A Rippin’ Good Time

I’m one of those cro magnons that still (mostly) watch movies from physical discs. But on Linux! So I have to rip everything with makemkv first… which sounds like a big chore, but isn’t — I’ve got a very efficient setup with several bluray players that can rip in parallel. It’s just kinda part of my routine while watching other things to swap discs and enter some commands now and then. I’ve been doing this for decades…

But!

Last year the USB bus started panic()king when inserting new discs from Criterion!

Now, of course, DVDs and blurays have “copy protection” and stuff apparently designed to make it impossible for people like me to watch the movies I’ve paid for, but it’s a solved problem, and I didn’t think the people who made discs these days bothered to innovate further. I mean, what’s the point? Why develop new “copy protection” schemes at this point, when the market is so small?

But apparently the people Criterion use for mastering their discs have innovated — inserting one of their discs into the drives above there freezes the USB bus and requires me to reboot the machine.

Not fun!

As a workaround, using this slim-line bluray drive was fine — but it’s much slower than the drives I was using (BD-RE ASUS BW-16D1HT, they’re called), and besides, it was annoying to have to remember to not insert any Criterion discs into the Asus drives.

So: Debugging time. But was the problem the drives or the USB adapters?

The Asus drives are SATA drives, and I was using these USB adapters from ST Labs to connect to the computer. (And the adapter has to be powered, because these drives are really internal drives, and use a lot of power.) It’s possible that the Criterion discs were confusing the drives so much that they emitted USB responses that crashed the bus, but I thought it was vaguely more likely that the problem was with the adapters? Possibly?

So I bought new adapters from StarTech, and… They didn’t work at all, because they only support actual hard disks and not optical (“ATAPI”, I guess?) devices: They didn’t find the devices at all.

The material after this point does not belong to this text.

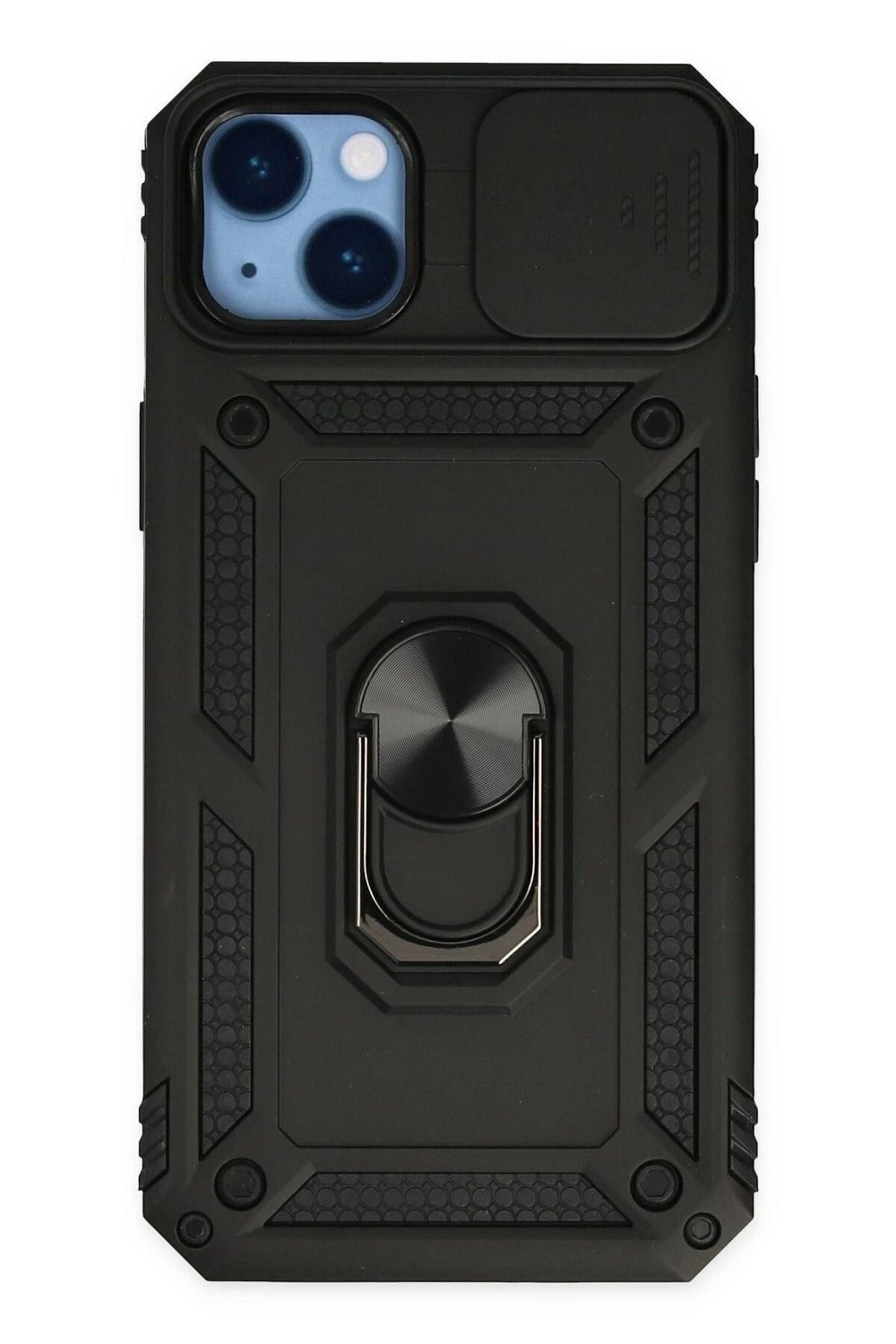 Mey İthalat®  iPhone 14 Plus Kılıf Pars Lens Yüzüklü Silikon - Siyah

So I ordered Inateck USB 3.0 zu SATA Konverter Adapter für 2.5 / 3.5 Zoll Laufwerke HDD SSD mit 12V 2A Netzteil from Germany, because they claimed it supports everything.

And…

Works perfectly!

And I can now rip Criterion disks with the Asus drives again.

So there you go — if you’re one of the other final three remaining people on Earth that 1) buys optical discs 2) from Criterion and want to 3) watch them on 4) Linux using 5) Asus drives, you now know where to buy 6) USB 3 adapters.